Reactive Extrusion 3D Printing (REX) is one of the AM technologies pursued to realise the potential of AM PU functional parts. REX is a newly invented manufacturing route1, whereby two feeds comprising reactive functional groups are mixed in-situ during the process and
extruded to construct 3D structures. At its early stage, the few research conducted in the REX field focused on demonstrating the capability of printing isotropic and functional graded parts through in-situ tailoring of the reaction and targeted on fabricating large-scale structure with fast deposition speed.
There is a clear gap in the AM PU via REX, to systematically understand the processing of PU via REX process.

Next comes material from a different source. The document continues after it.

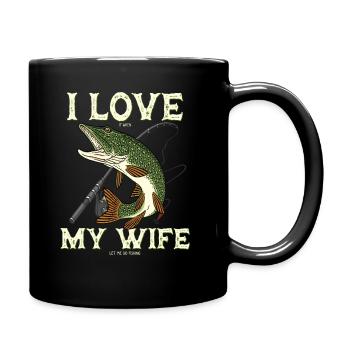 Pêche brochet prédateur pour pêcheur rengaine cadeau - Mug uni - noir - Droite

Therefore, this PhD project started by establishing a workflow: progressing from screening the printability of PU feedstocks through a printing optimisation for these feedstocks, to achieve good resolution / reproducibility by investigating the filament quality produced. It highlighted that transitional ink rheology as the key characterisation tools for the formulation printability analysis, and optimum flowrate to be the key parameter to evaluate during process optimisation.
In REX, the mixing efficiency and reaction kinetics are highly synergistic. Furthermore, both are greatly influenced by the rheology of the two feeds. the effects of which are relatively unexplored. To understand the impact of feed rheology on the print quality, three mixing modes
differed by distinct rheological properties of the isocyanates and polyol dual feeds were designed and investigated by leveraging PU reaction. This was achieved through incorporating different amount of fumed silica into feeds as rheology modifier. It demonstrated the properties
of 3D printed PU can be tuneable by adjusting the rheological relationship between the isocyanates and polyol feeds. Both viscosity ratio and elasticity ratio of the feeds influenced the mixing efficiency, the reaction kinetics, and the quality of the printed structures. The
isocyanates and polyol feeds demonstrating great differences in viscosity and elasticity reacted more rapidly due to less restriction in diffusion of feed materials during mixing. Consequently, a high level of cross-linking was achieved within the printed PU structure, resulting in better
thermal properties and improved stiffness than the other two mixing modes investigated. It showed feed rheology shall be optimised to find the best combination of MMs, with prominent printing performance.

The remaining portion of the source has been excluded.